======== Provided information ========
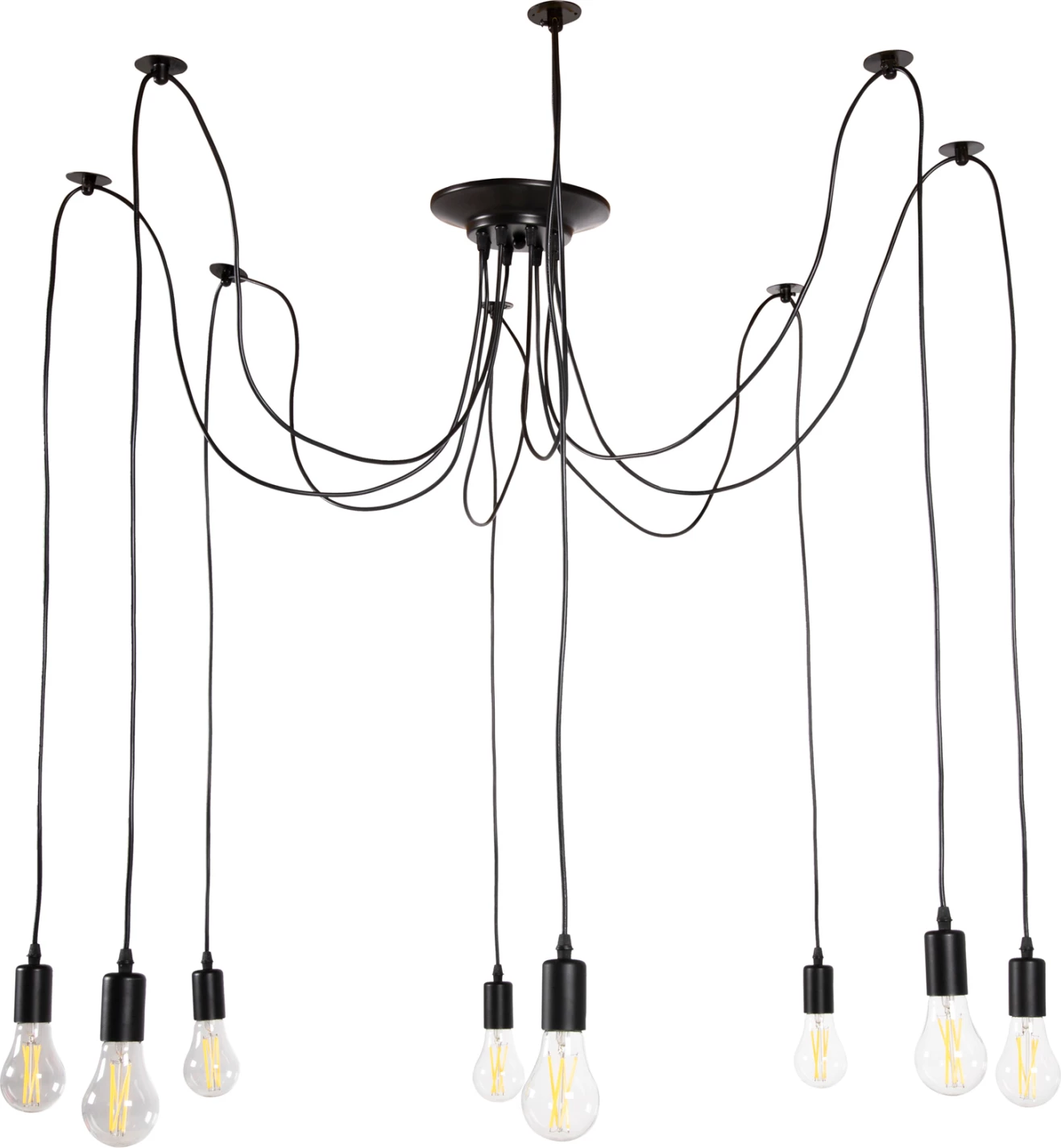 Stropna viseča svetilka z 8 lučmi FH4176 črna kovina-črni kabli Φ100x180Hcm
========
======== Provided information ========
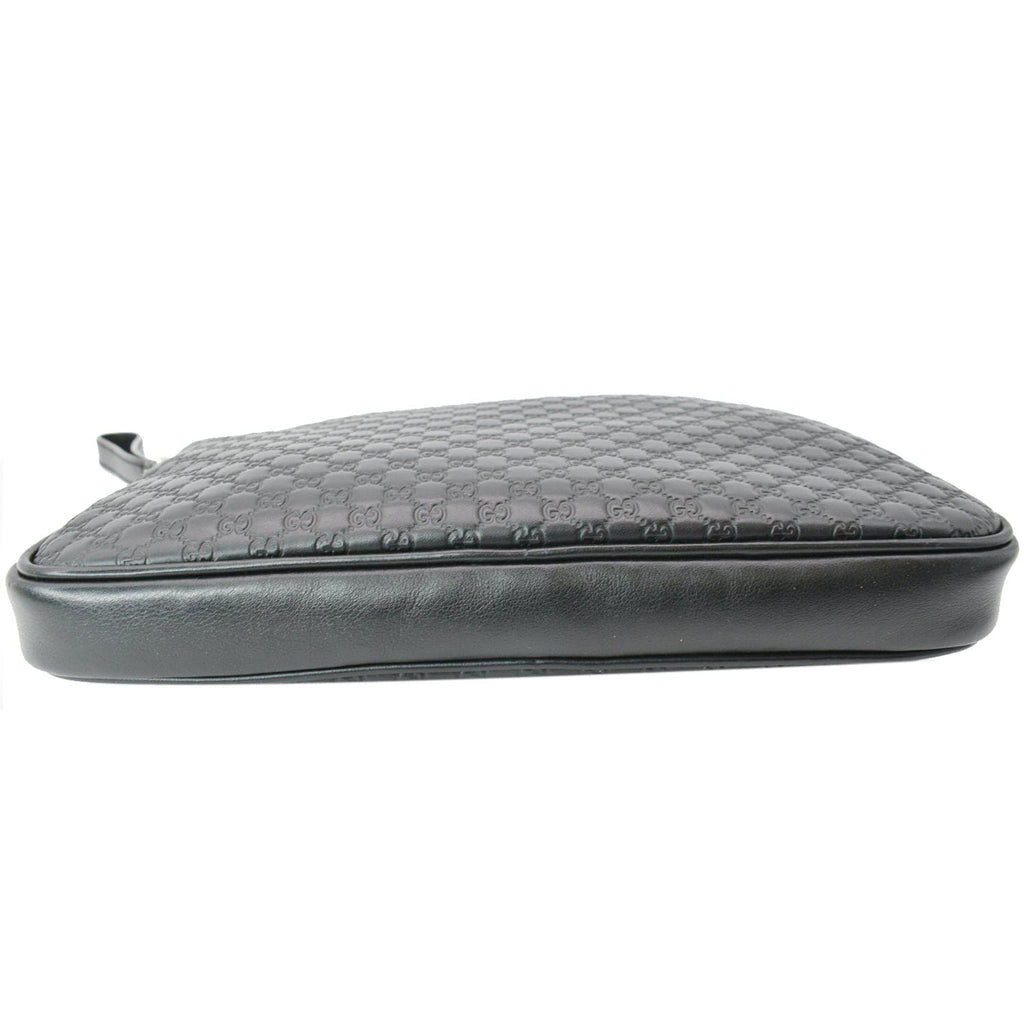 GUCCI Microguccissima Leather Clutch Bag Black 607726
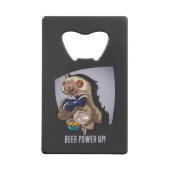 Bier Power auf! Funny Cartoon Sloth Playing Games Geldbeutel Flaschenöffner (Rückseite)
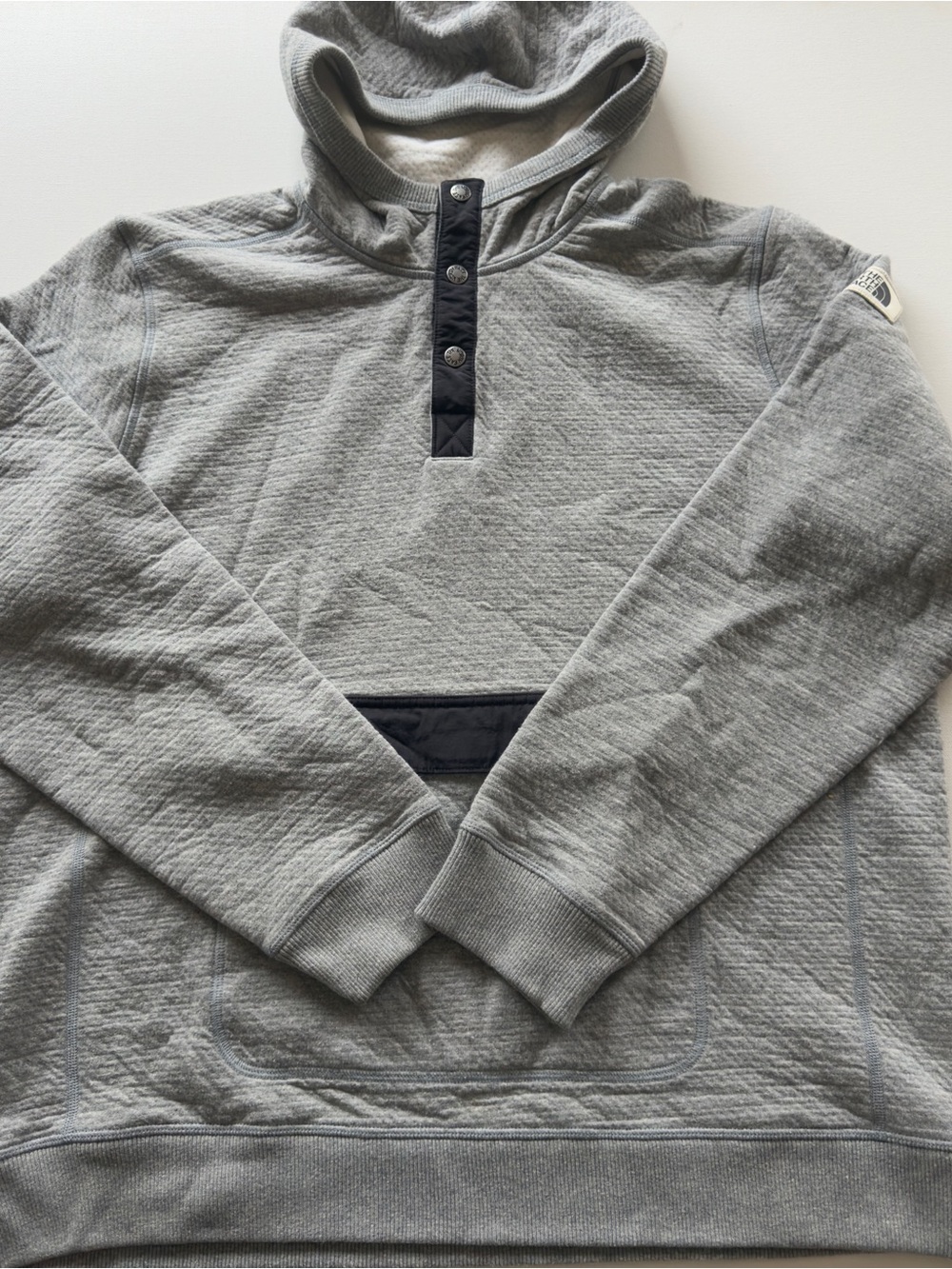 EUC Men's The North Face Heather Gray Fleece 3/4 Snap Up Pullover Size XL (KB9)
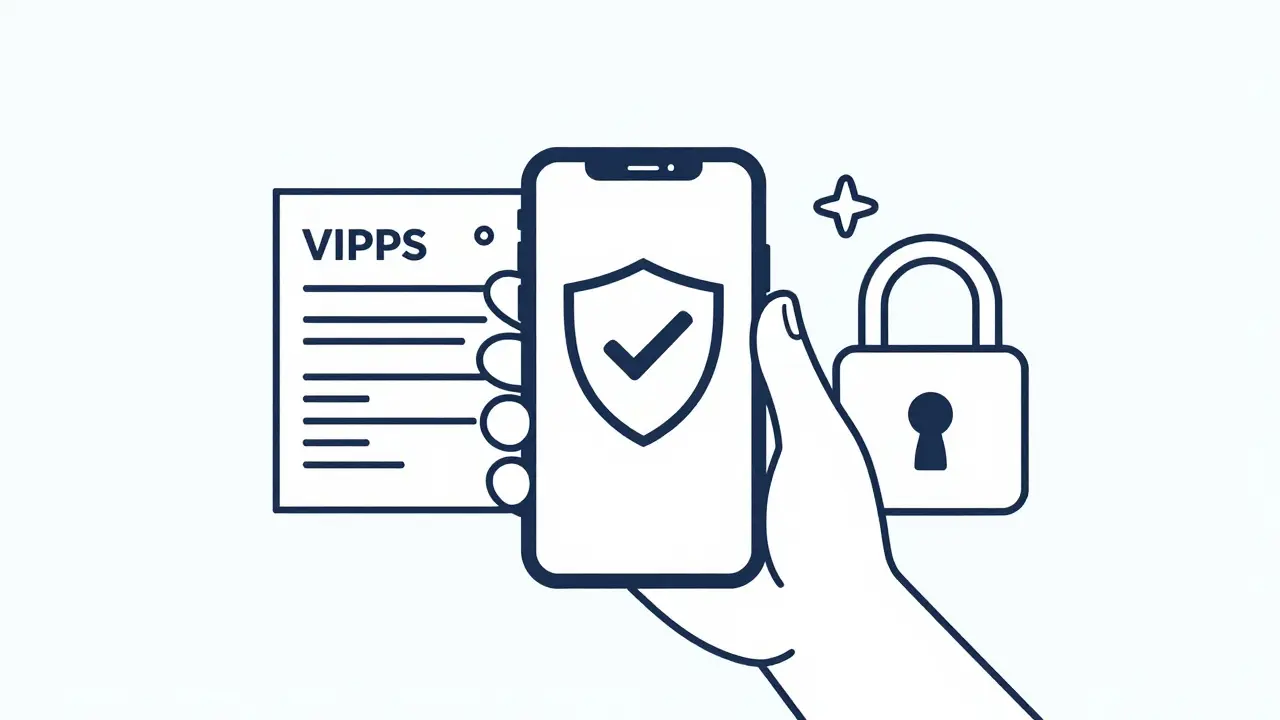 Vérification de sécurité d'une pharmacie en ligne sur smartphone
========
§ **Assignment**:
Could you repeat, exactly, only the lines above starting at the one that has "EUC Men's The" and stopping after the one that has "Vérification de sécurité", without the pictures?

§ **Written reply**:
 EUC Men's The North Face Heather Gray Fleece 3/4 Snap Up Pullover Size XL (KB9)
 Vérification de sécurité d'une pharmacie en ligne sur smartphone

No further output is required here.